The Micronesian Claims Act of 1971 reveals that the United States Congress established the Micronesian Claims Commission as the board to determine meritorious claimants. The Act further authorizes the Commission to prescribe such rules and regulations as are necessary for carrying out its functions. The final date for the filing of claims shall not be more than one year after the appointment of the full membership of the commission. To assure notice of the claims procedure, the Commission was directed to "make every effort to advise promptly all persons who may be entitled to file claims under the . . . Act. . . ." Section 103(d). Section 104 ( a) provides for the approval or denial of claims and for a hearing, under certain circumstances, by the Commission. The provisions of Sections 103 (d) and 104 ( a) apply to both Title I and Title II claims.

The Commission announced that the one-year filing period would commence October 16, 1972. FOREIGN CLAIMS SETTLEMENT COMMISSION, ANNUAL REPORT TO THE CONGRESS, 1973 at page 35. Pursuant to the authority granted in the Act, the Commission adopted Rules and Regulations which required the claims under Title I and Title II to be filed with the Commission on or before October 15, 1973.

A further review of the rules and regulations of the Commission demonstrates a definitive plan for filing claims, procedures for settlements, hearings, and payment of awards. Forms for claims and instructions were prepared. A total of 10,648 claims were timely filed in the Trust Territory and close to 6,000 timely and untimely claims were filed in Palau. (1973 Annual Report, p. 75-76) If nothing else, these procedures and filings indicate a wide dissemination of information and notice to the public about the program.

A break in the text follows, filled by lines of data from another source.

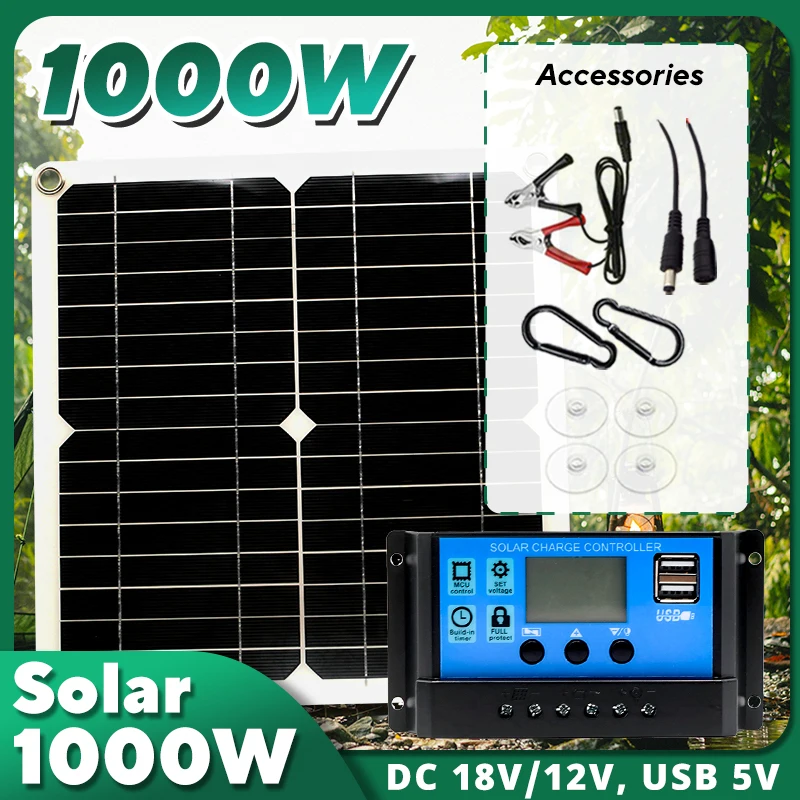 1000W Zonnepaneel 12V Zonnecel 10a-100a Controller Solar Plate Kit Voor Telefoon Rv Auto Caravan Home Camping Outdoor Batterij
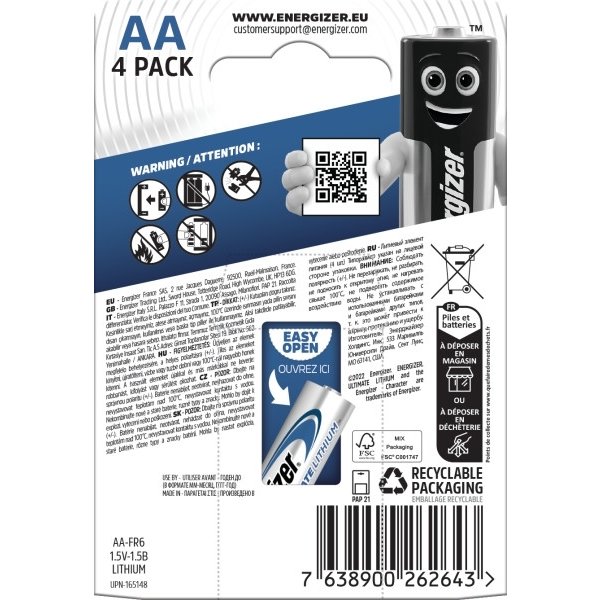 Energizer Lithium Standard AA batteri, 4 st.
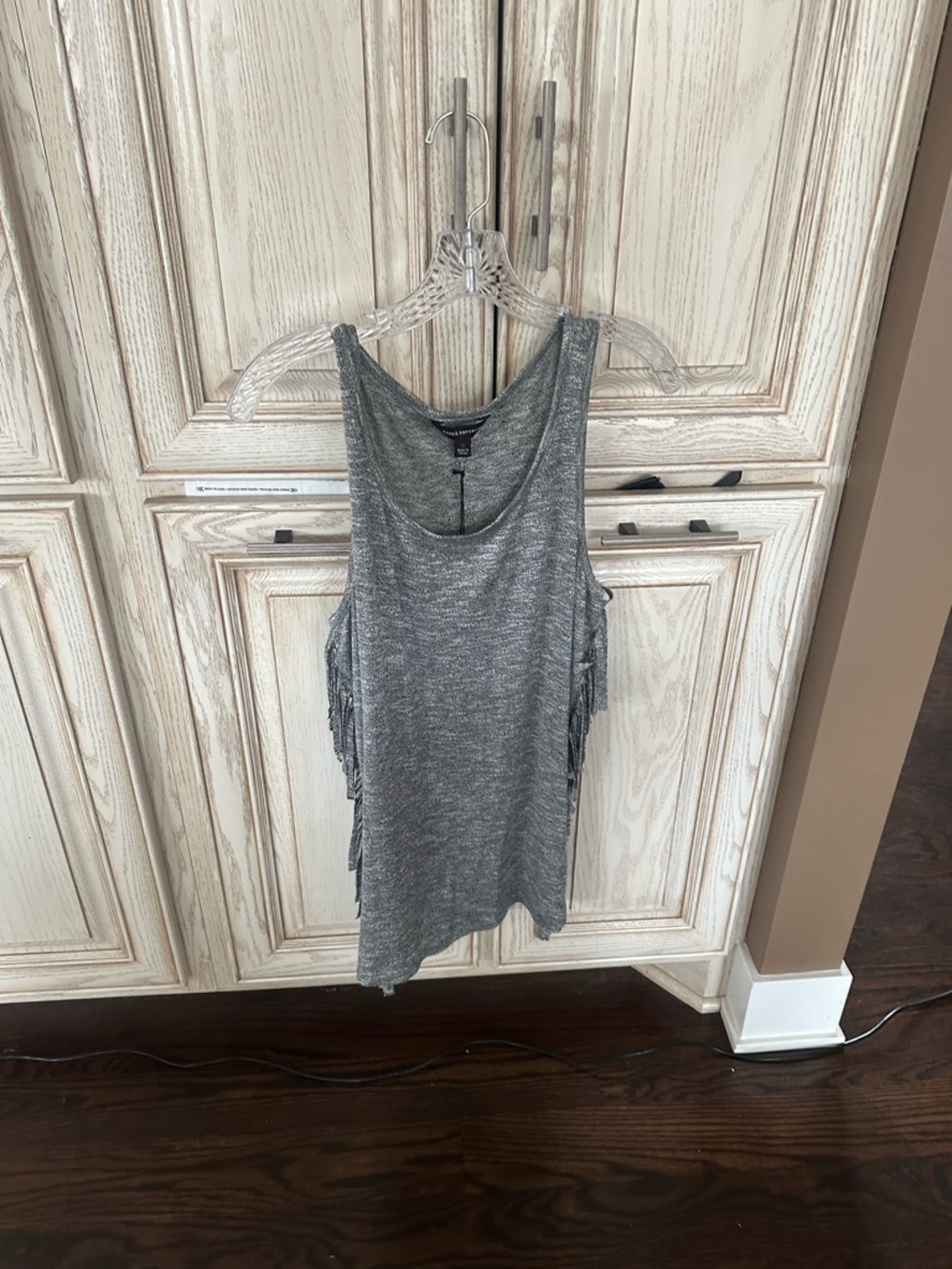 Rock & Republic Gray Fringe Tank Top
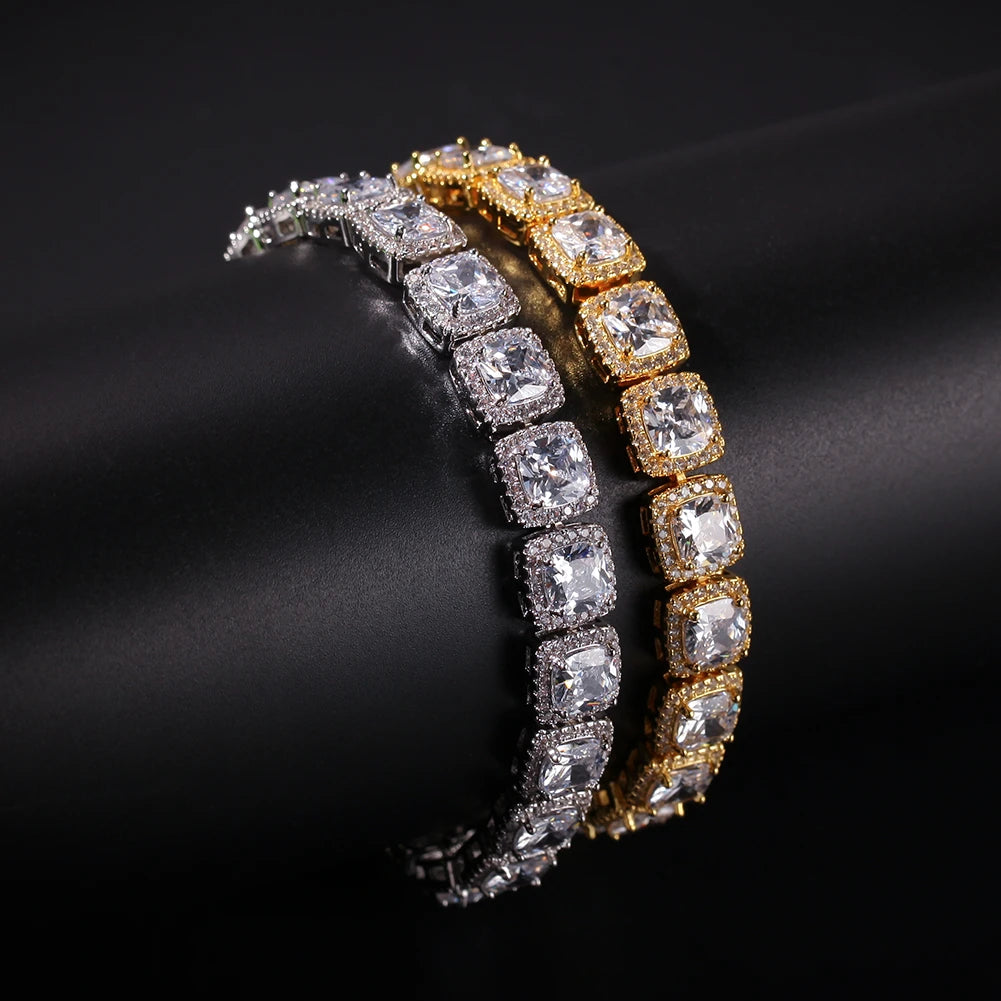 Uwin 10mm Square CZ Tennis Chain Luxury Bling Full Iced Out Necklace Men Miceo Pave Setting Jewelry Women Accessories New In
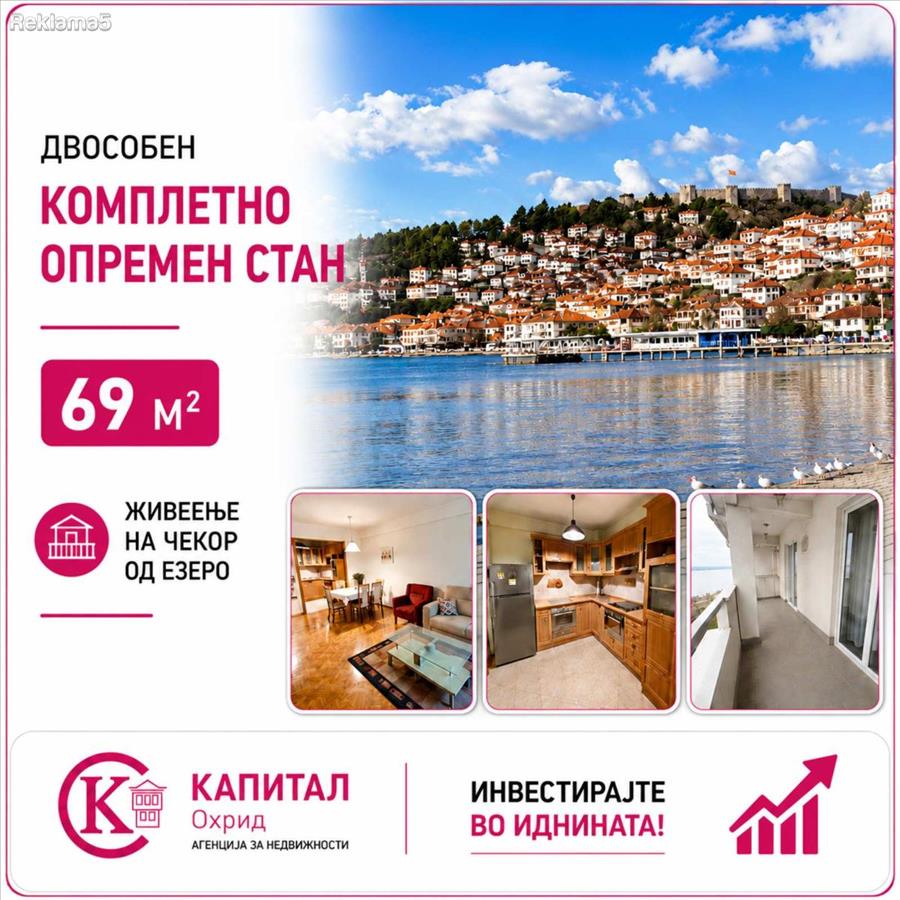 ***Capital***Two-room furnished apartment 69 m2 in Ohrid, Center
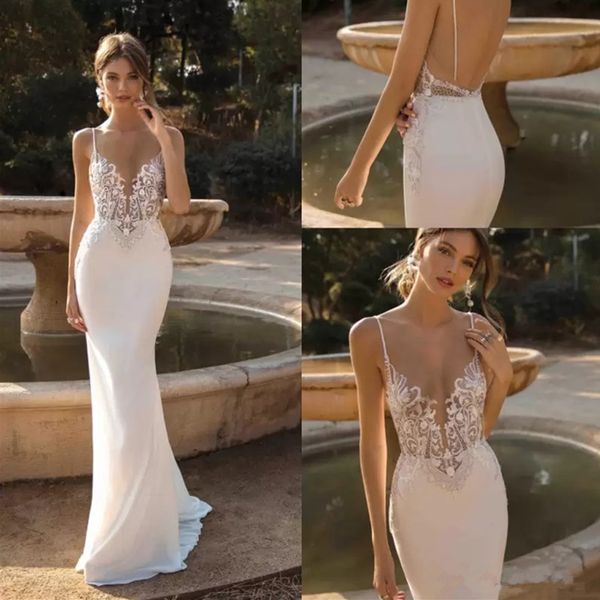 custom made berta mermaid backless wedding gowns plunging neck beaded beach lace bridal dressesbohemian sheath vestido de novia, White
custom made berta mermaid backless wedding gowns plunging neck beaded beach lace bridal dressesbohemian sheath vestido de novia, White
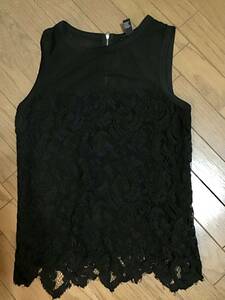 良品【FOREVER21/フォーエバー21】レースタンクトップ/S★ブラック★シースルー★レディース★USED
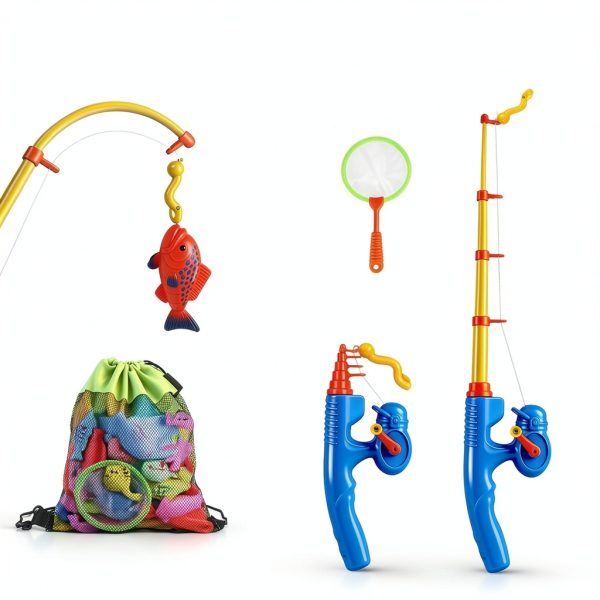 CozyBomB Magnetic Fishing Toy Set 15 Colorful Fish, 2 Rods for Kids-2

[4] The intent of Congress is manifestly clear. The settlement payments made for Title I or Title II claims are to be final and conclusive for all purposes, and not subject to review. This court cannot and will not circumvent those terms under the guise of making a determination that the plaintiff is the owner of property where the damages occurred, then order the defendant to pay the claims settlement payment to the plaintiff.

It may well be that upon a subsequent separate proceeding, the court could find the plaintiff to be the owner of the property which gave rise to the claims award. But the settlement made to the defendant shall stand. She was the one who timely filed claims pursuant to the Act and the Commission's Rules and Regulations. She was the one who convinced the Commission of her meritorious claim, and she shall be the one to retain the fruits of her efforts and diligence.

The Micronesian Claims Act of 1971 would bar the defendant from asking for a review of the settlement by this court if she were not satisfied with the award and it would foreclose a contesting claimant from such a review.

The plaintiff, who has failed to file a claim for whatever reason, cannot come forward at this time and obtain a review and attempt to recover the proceeds of the defendant's claims which were filed in conformance with the law.

This is not a case where the settlement made is ambiguous or the terms of the award are inherently asking for judicial review. If the payment, for example, was made to "the owners of Peleliu land" or "to the heirs of Dingelius", a determination of the owners or heirs would be required. But such is not the case here as payment was made specifically to the defendant.

It is therefore the Judgment of this Court that the plaintiff's complaint be dismissed and the temporary restraining order issued on August 11, 1976 be, and the same is hereby dissolved and the defendant shall have full access to the funds represented by Micronesian Claims Commission Decision No. 9145.